In view of this, the object of the present invention is to provide a driving method for driving a liquid crystal display. The liquid crystal display of the present invention inserts a black frame within the frame time of the display frame, which can effectively solve the problem of afterimages caused by fast dynamic frame changes. The display area of the liquid crystal display of the present invention is divided into several scanning areas, the blank period is allocated to each scanning area, and all the pixels in the scanning area are turned into a dark state in the predetermined scanning time, so as to realize the purpose of inserting black frames, and can Solve the aforementioned problem of inconsistency in the brightness of the upper and lower half of the frame of the traditional liquid crystal display. The liquid crystal display proposed by the present invention can insert black frames within the frame time without increasing the frame update rate. However, those skilled in the art can know that the technique of increasing the frame update rate can also be combined to realize the driving method of the present invention.
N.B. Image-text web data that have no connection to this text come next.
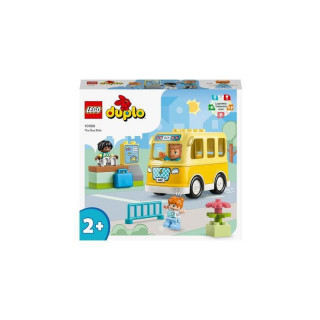 LEGO A Viagem de Ônibus 10988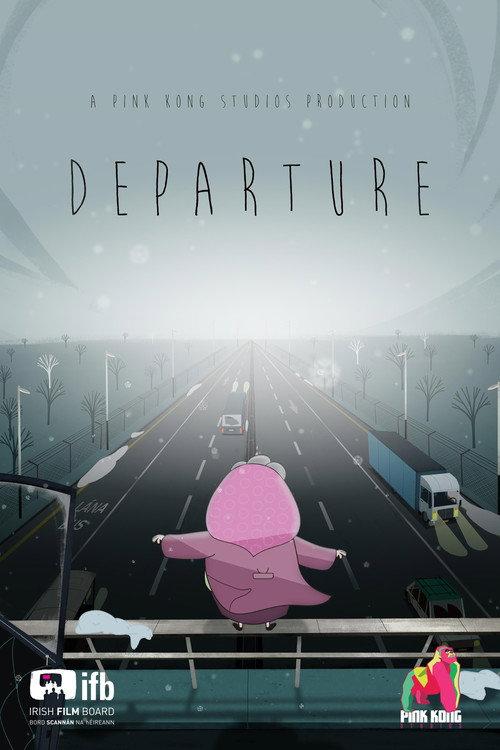Departure 2017 official movie poster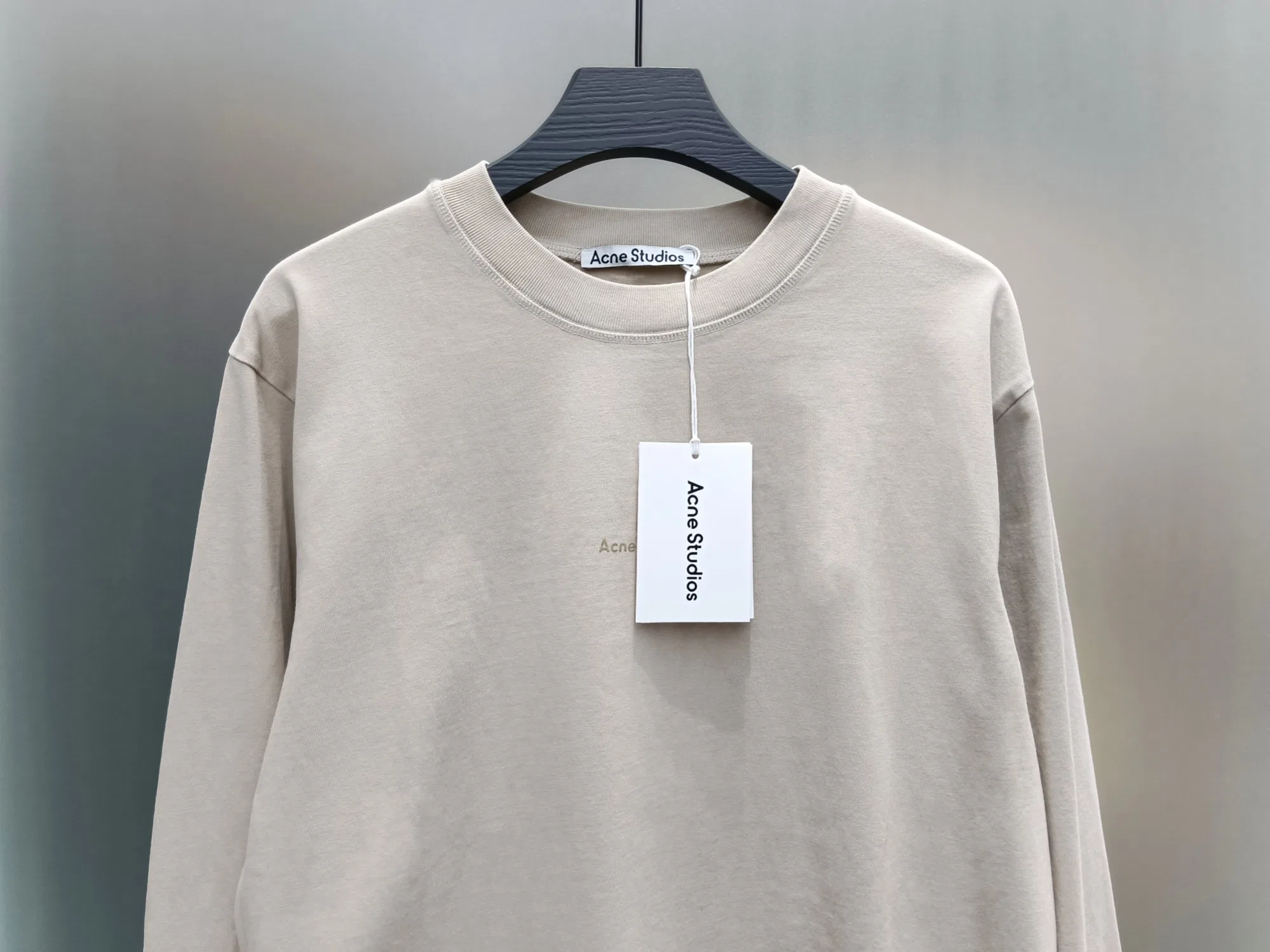 ACNE 27FW LCWKFBH 004 맨투맨 3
According to the object of the present invention, a liquid crystal display is proposed to display a frame in a frame period, including M scanning areas, each scanning area includes several scanning lines, each scanning line corresponds to a column of pixels, and M is a positive integer. Wherein, the frame period includes M scanning area periods, respectively corresponding to each scanning area, and the scanning area period of each scanning area includes a plurality of line periods, and these line periods include a black line insertion period and a plurality of scanning line periods. When the black line insertion period of the S scan area period in the M scan area periods, the pixels corresponding to the scan lines of the (S+N) scan area of these scan areas are all turned into a dark state. In the scan line period of the scan area period, the scan lines of the S-th scan area are enabled. S is a positive integer less than or equal to M, and N is a positive integer less than or equal to M.

According to the purpose of the present invention, a kind of driving method is proposed, used in the display, the display has a display area, the display area is divided into M scanning areas, each scanning area includes several scanning lines, and the period of displaying a frame in the display area is a frame Period, the frame period is divided into M scan area periods, corresponding to M scan areas, each scan area period includes a plurality of line periods, the line period includes a black line insertion period and a plurality of scan line periods, the method includes: In the black line inserting period of the S-th scanning area period, the pixels corresponding to the scanning lines of the (S+N)-th scanning area are turned into a dark state. Then, during the scan line period of the S-th scan zone period, the scan lines of the S-th scan zone are enabled. Wherein, M is a positive integer, S is a positive integer less than or equal to M, and N is a positive integer less than or equal to M.

According to the purpose of the present invention, a driving method is proposed to drive a display with frame data, and the display includes a first scanning area and a second scanning area. The driving method includes: driving the second scanning area to a dark state during the first black line insertion period. Afterwards, during the period of the first scanning area, the first scanning area is driven with the first part of the frame data. The first scanning area is driven to a dark state during the second black line insertion period. Finally, during the period of the second scanning area, the second scanning area is driven with the second part of the frame data.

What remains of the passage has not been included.